Should we be so shocked when we see such calamities today? To say that God would never cause such suffering—that it could not be His will—is to admit frankly that we don’t know God.
However, this raises an important question.
Considering that natural disasters are correction from God, why then do they seem so random, so arbitrary, in their violence and savagery? An entire family is wiped out in a tsunami—except for a now-orphaned little girl. A tornado completely levels a town—except for a lone home left standing on its outskirts.
Do those who suffer from or die in such disasters deserve their fate more than those who survive? At times, such events seem practically to beg the question.
Did you realize that this crucial question was actually posed to Jesus Christ Himself?
His answer dispels a misconception that can easily surface when we contemplate these vital issues.
Some people from Galilee had been killed by Pilate in an especially gruesome manner. A few of Jesus’s followers told Him about the incident, clearly troubled by the issue of whether or not, by reason of their sin, they had deserved their fate. Were they evil? Was God exacting vengeance on them?
Here is what Christ told them: “Suppose ye that these Galilaeans were sinners above all the Galilaeans, because they suffered such things? I tell you, Nay: but, except ye repent, ye shall all likewise perish” (Luke 13:2-3).
Christ followed up with an example that expanded the discussion. Eighteen people had been crushed by the collapse of a tower—an accidental and tragic death. They too bore no particular guilt above anyone else around them who was spared. But again Jesus followed up with the statement: “[T]hink ye that they were sinners above all men that dwelt in Jerusalem? I tell you, Nay: but, except ye repent, ye shall all likewise perish” (verses 4-5).
Jesus Christ knew that these men weren’t killed for their unrighteousness. Ecclesiastes 9:11 tells us that time and chance happen to all in this world.
This is a deeply important truth to recognize. No one can impute wickedness on the people who die in an accident or natural disaster. Their deaths offer no proof of their being any more sinful than those who survive—or anyone else in the world. Romans 3:23 explains that “all have sinned, and come short of the glory of God.”
But still: Could those 18 in Siloam have been protected from the tower?
Jesus’s answer was yes. And He said the key to such protection is repentance!

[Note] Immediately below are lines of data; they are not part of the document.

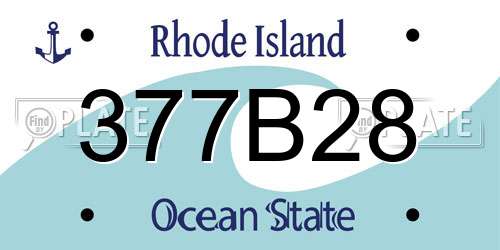377B28 Rhode Island License Plate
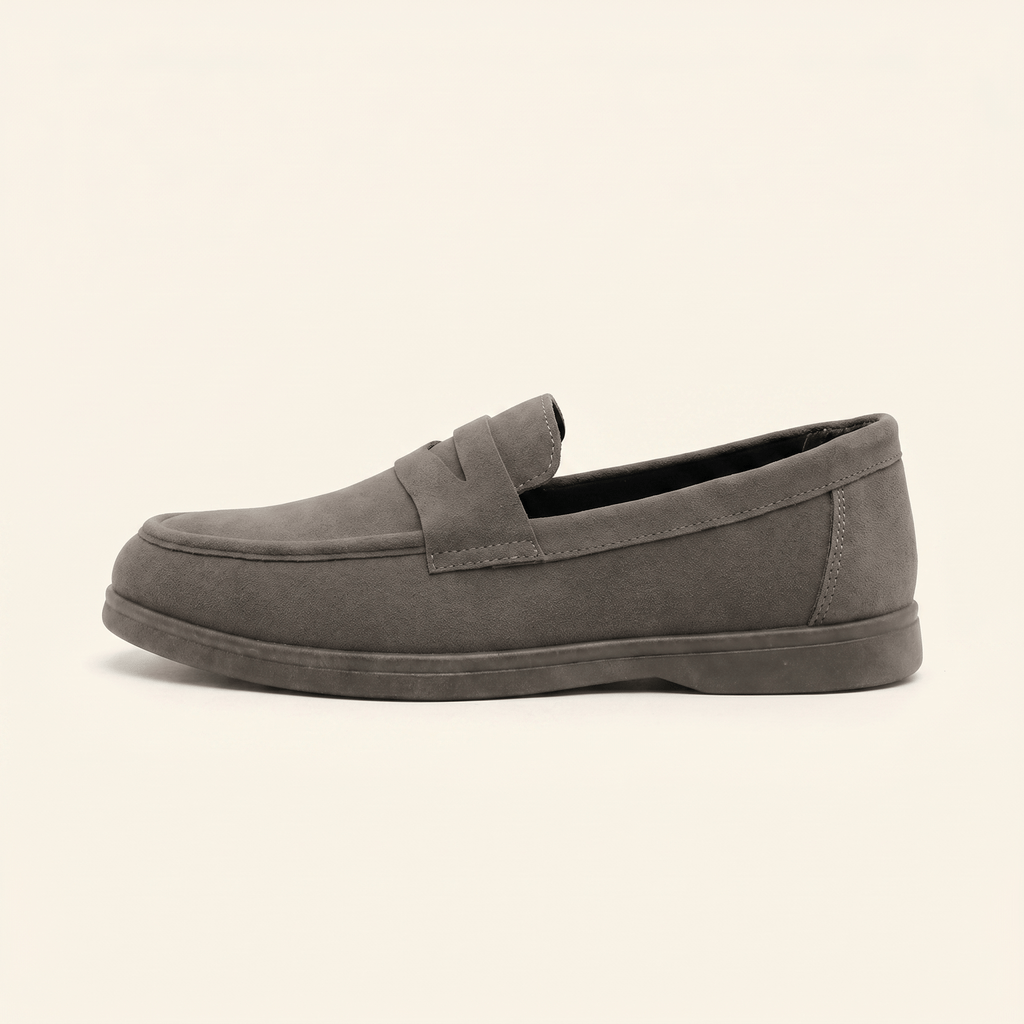Mocassin Homme Penny Loafer Souple en Suédé - Gris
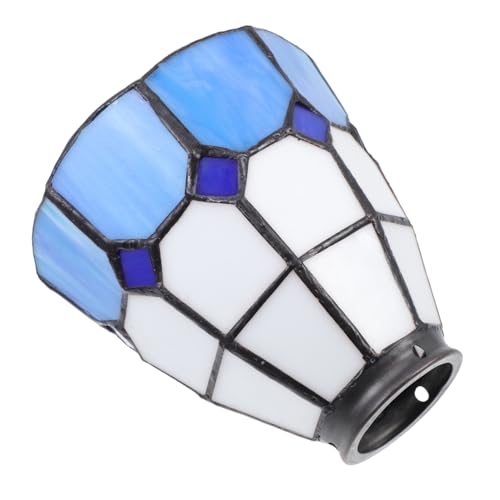 HONITANO Mediterran Bunter Lampenschirm Stabile Fassung Abdeckung Glas Lampenschirm Hängelampe Zubehör Dekorativer Lichtschutz für Wohnzimmer und Schlafzimmer von HONITANO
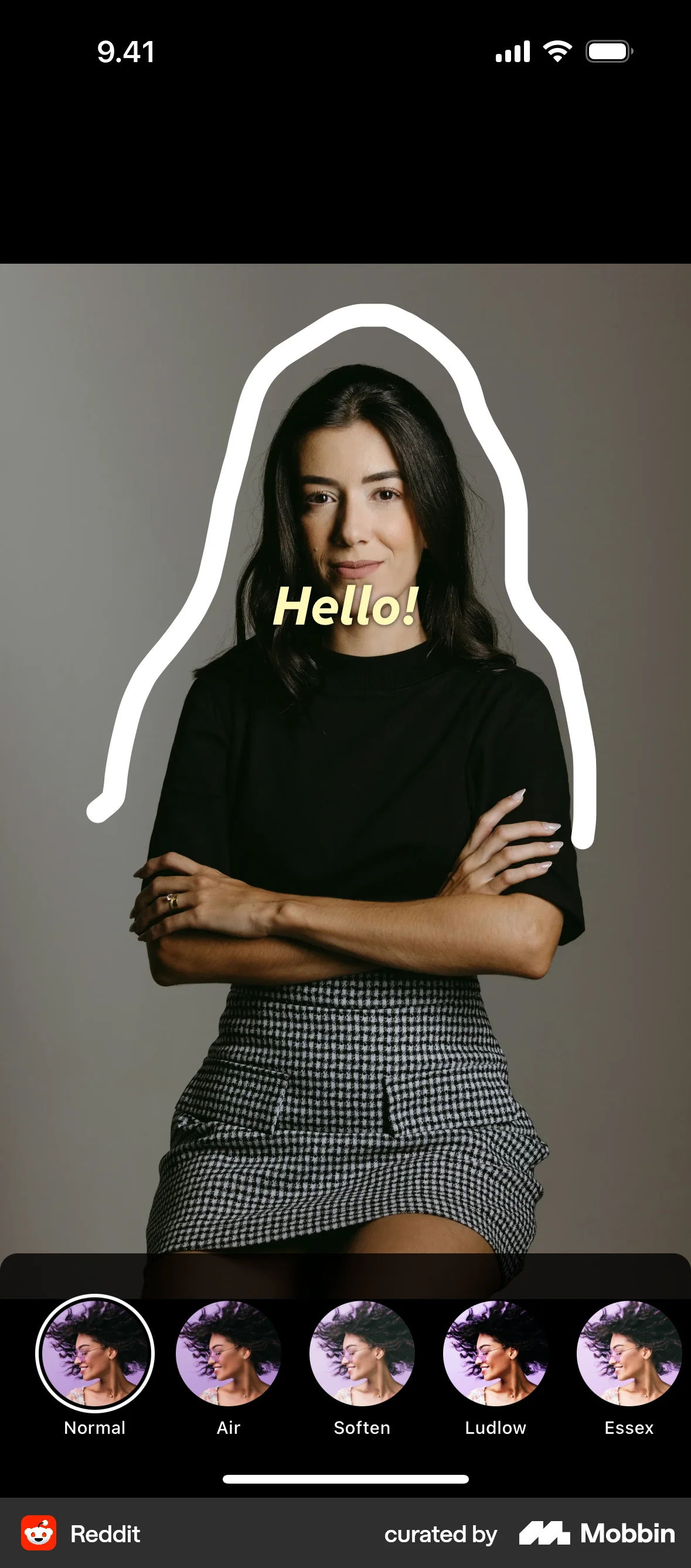 Reddit iOS Filters & Stickers screen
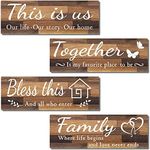 4 PCS Home Wall Decor Signs, IDATOO Rustic Wooden Living Room Hanging Decorations with Quotes THIS IS US/TOGETHER/BLESS THIS/FAMILY, Housewarming Gifts for Wedding Kitchen (Brown, 15 x 5.1 inch)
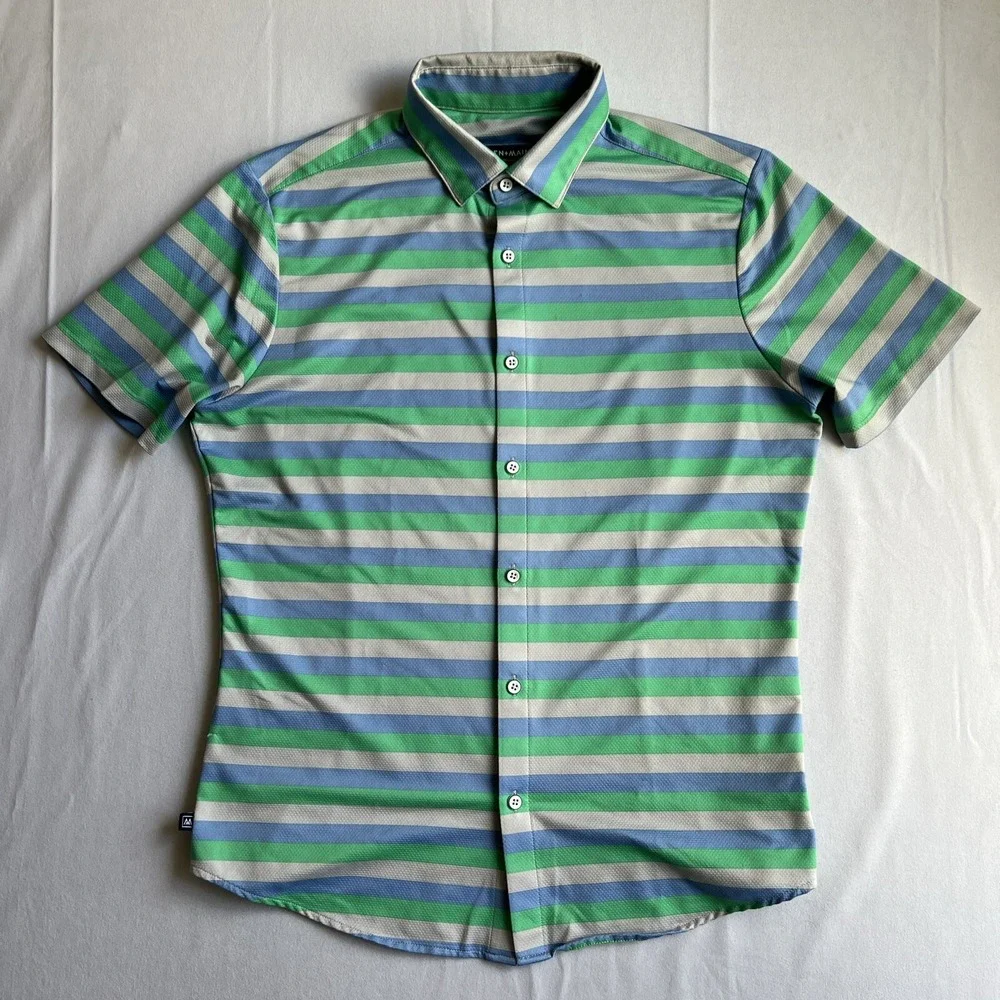 Mizzen+Main Shirt Mens Small Short Sleeve Button Up Halyard Multi Stripe Stretch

Christ was saying that the disasters that befall others should serve as a warning to us—that we will be subject to the same fate unless we repent of our sins! God protects those who repent and turn to Him in obedience.
Think seriously about Christ’s strong warning to the Jews in the above passage. God was telling them that they must repent—or the whole Jewish nation would die in the same violent way! That is precisely what happened to the Jewish nation in a.d. 70! Only God’s loyal remnant escaped to Pella. They were the only ones who heeded Christ’s warning!
Here is what makes this so relevant to us today. What happened to the Jewish nation is a type of what is to happen to Israel in this end time—mainly the American and British peoples. This critical truth is explained in vivid detail in The United States and Britain in Prophecy.
Jewish historian Josephus recorded that many catastrophes were rapidly intensifying in the period before the Jewish nation was destroyed in a.d. 70. Today, we see the same scenario in end-time Israel. Horrifying events are becoming common for us today. It is all leading to the total destruction of our nations! These disasters are the strongest kind of warning from God.
Yet tragically, the nations of Israel and the rest of the world are proving themselves wholly unwilling to turn to God in repentance!
Biblical prophecy shows that this world is going to become a victim of the very worst of the disasters it describes! (You can read about this in Gerald Flurry’s free booklet Lamentations: The Point of No Return.)
However—just as in Noah’s day, in a time of universal sin that would culminate in universal destruction—God does offer protection for those individuals, few though they may be, who turn to Him in repentance and obedience!
This is an ironclad promise from your Bible!
Many scriptures show that God rewards and protects those who put Him first. If everyone in America would look to God, the plagues would stop! Here is just one example: “Because thou hast made the Lord, which is my refuge, even the most High, thy habitation; There shall no evil befall thee, neither shall any plague come nigh thy dwelling. For he shall give his angels charge over thee, to keep thee in all thy ways” (Psalm 91:9-11). God does try and test His people, but overall, He protects and blesses and rewards those who make God their habitation. He instructs His angels to watch over them.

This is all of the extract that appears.